Lautenschlaeger says ECB still has room to act - WSJ

Sabine Lautenschlaeger, executive board member of the European Central bank (ECB), looks on during the Bundesbank Banking Congress "Symposium on Financial Stability and the Role of Central Banks" in Frankfurt, February 28, 2014. REUTERS/Ralph Orlowski

FRANKFURT (Reuters) - The European Central Bank has not run out of options yet and will take action if necessary, ECB Executive Board member Sabine Lautenschlaeger told the Wall Street Journal.

The ECB left interest rates unchanged at a record low of 0.25 percent at its March policy meeting last week and unveiled no other measures to bolster a fragile euro zone recovery despite forecasting low inflation for years to come.

"We have room left to act," Lautenschlaeger said in her first interview since taking the job on the ECB top board in January, having been vice president of Germany's Bundesbank.

"The deposit rate could be negative, for example.
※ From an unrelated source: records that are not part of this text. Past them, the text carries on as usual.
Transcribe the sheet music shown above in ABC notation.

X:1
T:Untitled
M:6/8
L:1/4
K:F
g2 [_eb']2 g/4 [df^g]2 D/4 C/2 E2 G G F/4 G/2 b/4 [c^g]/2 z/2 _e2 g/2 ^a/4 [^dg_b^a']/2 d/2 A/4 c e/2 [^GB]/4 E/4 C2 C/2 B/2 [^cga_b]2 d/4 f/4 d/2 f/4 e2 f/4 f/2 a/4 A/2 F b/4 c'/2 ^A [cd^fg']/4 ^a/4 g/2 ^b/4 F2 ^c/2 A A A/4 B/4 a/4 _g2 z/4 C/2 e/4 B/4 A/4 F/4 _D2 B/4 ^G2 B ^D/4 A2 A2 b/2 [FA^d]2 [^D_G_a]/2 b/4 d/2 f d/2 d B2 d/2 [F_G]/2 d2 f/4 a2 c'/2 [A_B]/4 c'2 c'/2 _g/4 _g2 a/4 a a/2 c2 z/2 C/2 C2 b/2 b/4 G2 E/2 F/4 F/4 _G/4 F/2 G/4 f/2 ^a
That's at least a possibility depending on whether the underlying factors we observe would call for this sort of measure," she said.

Cutting the rate below its current level of zero would mean charging banks for parking their deposits at the ECB overnight, in the hope they would instead lend some of the money to firms and consumers.
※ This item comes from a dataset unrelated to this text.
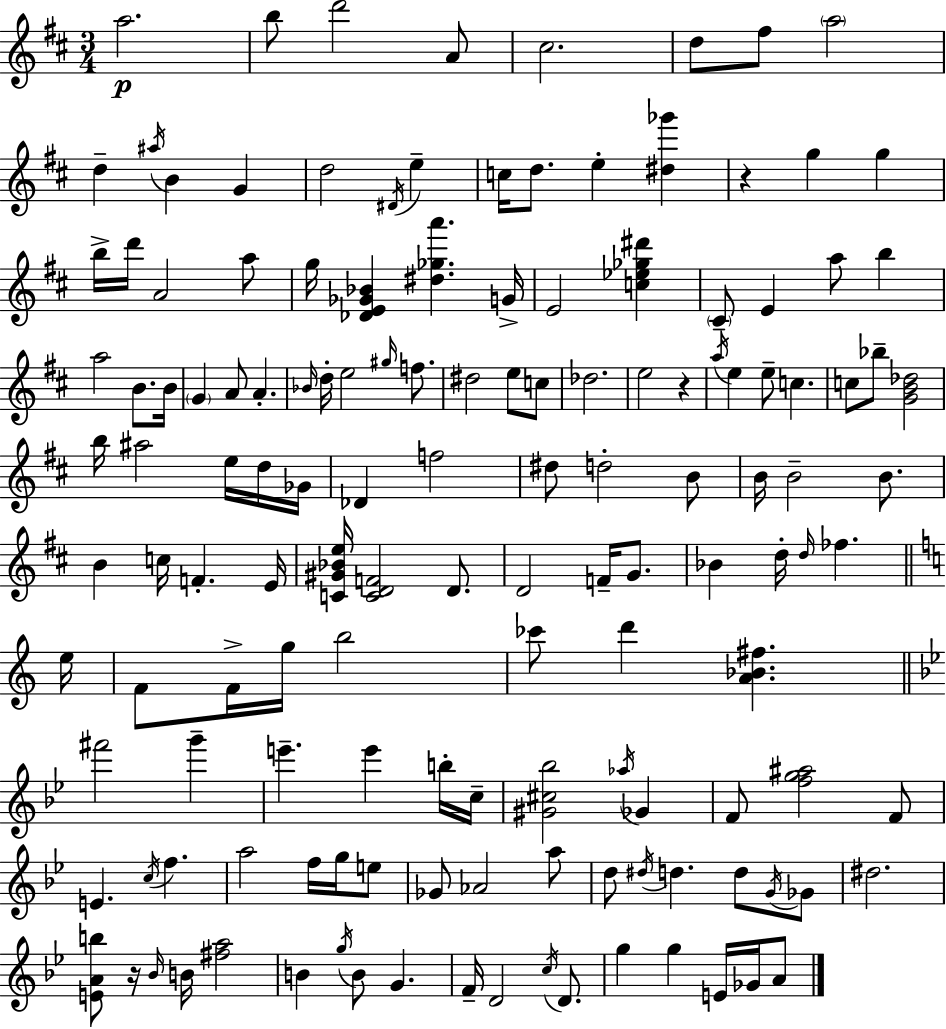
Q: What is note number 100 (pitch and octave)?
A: F5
The ECB could also suspend its weekly withdrawal of money it spent on Greek and other government's bond during the debt crisis, launch another long-term refinancing operation "with a more targeted approach" or tweak its collateral framework.
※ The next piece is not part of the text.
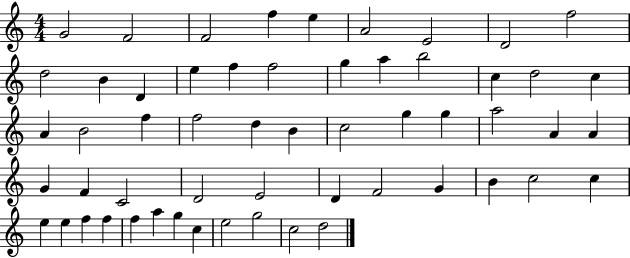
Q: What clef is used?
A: treble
"We will act should we observe rising concerns about medium-term price stability," Lautenschlaeger said, adding that inflation expectations were firmly anchored in the medium term and that there had been no reason to act last Thursday.

"The output gap we acknowledge by our forward guidance: Interest rates will remain at the present level, or even lower, over a longer period of time and well into the recovery," she said.

Having worked at the Bundesbank, which opposed the ECB's yet-to-be-used government bond purchase programme, dubbed OMT, Lautenschlaeger was asked for her own position on the matter. "Overall, I am a little bit critical about the incentives structure offered by the OMT. I do see some legal questions coming up."

Turning to plans to revive the asset backed securities market, Lautenschlaeger said she would ask the Basel Committee and the Financial Stability Board to revisit a decision to strengthen capital requirements for ABS to check whether these "are justified or too high".